3 trzebaby min 2 paladynow na kazde "polowanie". jeden rozbraja championa w pojedynku a drugi probuje swych sil w walce z szamanem (chyba ze to twardziel ktoremu sie nie odmawia to daje opcje)
4 szaman rownie dobrze ginie stratowany przez konia jak nadziany na lance-> np zieloni dokladaja 3 szeregi,sztandar. ty z oddzialem dokladasz 1-2 szeregi,sztandar...no i 2 rany (bo i tak i tak mozesz zabic szamana)+ jakies bonusy z atakow rycerzy. da to raczej ladnego brejka.

zalety->
polowanie na mage lorda-> jego to juz raczej z 3 atakow zabic byloby trudno. moznaby liczyc na sprzedaz kb albo zeby jak ostatnia sierota wyszedl do pojedynku.

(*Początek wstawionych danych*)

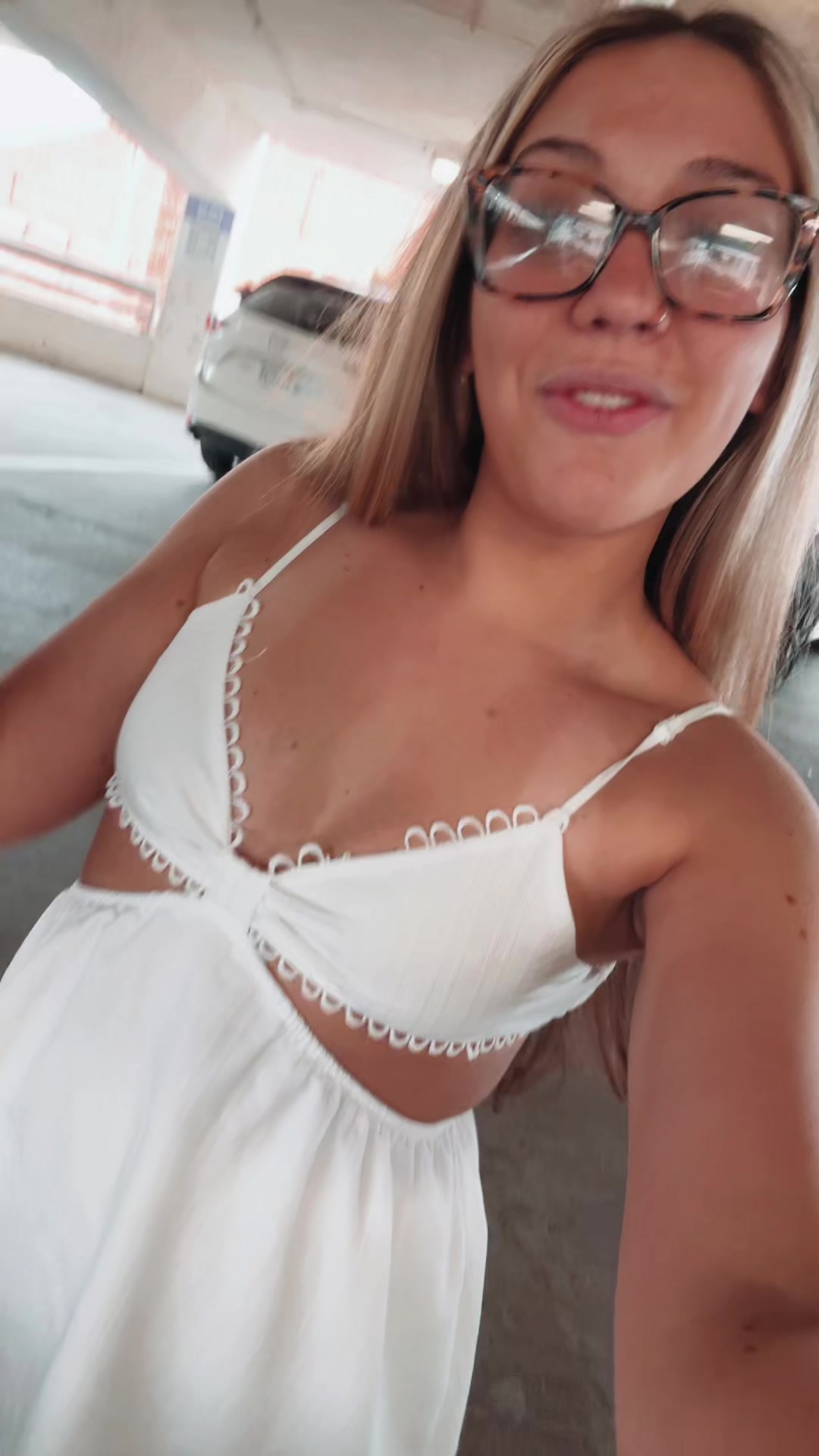 @Ava&spades;️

IMO dobrze zlozony kowboj ma podobna skutecznosc jak corowa lanca.(choc woli zdecydowanie inne zadania :wink: )

Awatar użytkownika
Dibo
Masakrator
Posty: 2825
Lokalizacja: Legion Kraków

Post autor: Dibo »

Moment moment - jka dla mnie to patent mega niesprawdzalny. Nie wyobrażam sobie klocka z herosem bez championa. Wpada twój paladyn - krzykniesz czelendz - on przyjmie championem złamie cie z CR. Ty nie krzykniesz czelendza to on to zrobi championem. tak czy siak misja kończy sie porażką. No chyba że ustoisz i zabijasz shamana w 2 turze walki. Hmm no ja i tak nie widze tego pomysłu :roll:
Czcij Koze !!

Twoja Stara gra w Age of Sigmar !

Awatar użytkownika
theudulf
Chuck Norris
Posty: 513

Post autor: theudulf »

Jedyny pomysł, to wpakowanie się paladynem z kawalerią, rzucenie chellenge czempionem i trzaskanie bohaterem po bohaterach. Najlepiej jakby miał kb/no AS. To pierwsze palladynem da się zrobić lepiej, dać mu przerzuty na hity i dla goscia z dużym svem jest szansa go zatłuc. To jednak nie pomoże zbytnio na undeady, szczególnie jeśli chodzi o TK, jeśli przeciwnik ma collar of shapesh( na 4+ przerzuca woundy na oddziały w 4" od siebie ). Z VC też nie będzie lekko, jeśli bohater będzie nawalał nie w regimencie ale samotnie z talisman of lycni ( 9 move'a za 10 punktów ). Ogólnie z vampirami i Tk bretka ma przekopane, bo nawet z gralowcami jak nie zabijesz dostatecznie dużej ilości trupo-szajsu to albo dostaniesz wpierdziel w 2-3 rundzie.
na przykład: 9tka gralowców to 372 punkty, mamy w nim 14 ataków + 7 od koni, natomiast 25 gravów z war bannerem to koszt 355 punktów. Średnio zabijemy 4-5 gravów +2 szeregi + sztandar mamy 7-8 punktów w cr. oni nie zabiją nikogo ale mają przewage liczebną, sztandar, wb, 3 szeregi. Przegrywają o 1-2.
następna runda: mamy 6 ataków z siłą 4 trafią 2, zabijemy 1-2 od biedy. mamy łacznie 4-5 puntków. jesli gravy nie zabiją NIKOGO. GG mają 5 ataków z kb, jeden trup jest raczej pewny. maja wtedy 3 ranki, sztandar trupa, przewagę liczebną, wb. Przegrywamy o 1-2.
Pod warunkiem, że nikt nie przyjdzie z pomocą jednej drugiej stronie statystycznie będziemy się tak bawili do usranej śmierci. a taki regiment możemy mieć tylko 1.... Inne jednostki nie mają zbyt dużych szans. Ogólnie na 1500 punktów trupy mają 3 regimenty piechoty, my mamy podobną ilość kawalerii corowej, gralowców ciężko wpakować. A nawet jeśli wrzucimy, na sąsiadujące regimenty też trzeba wymyślić dobrą zaporę, jeden regiment pójdzie papa w 2 turze :/. Mnie to powoli zaczyna wkurzać, bretka nie nawiąże równorzędnej walki z trupami.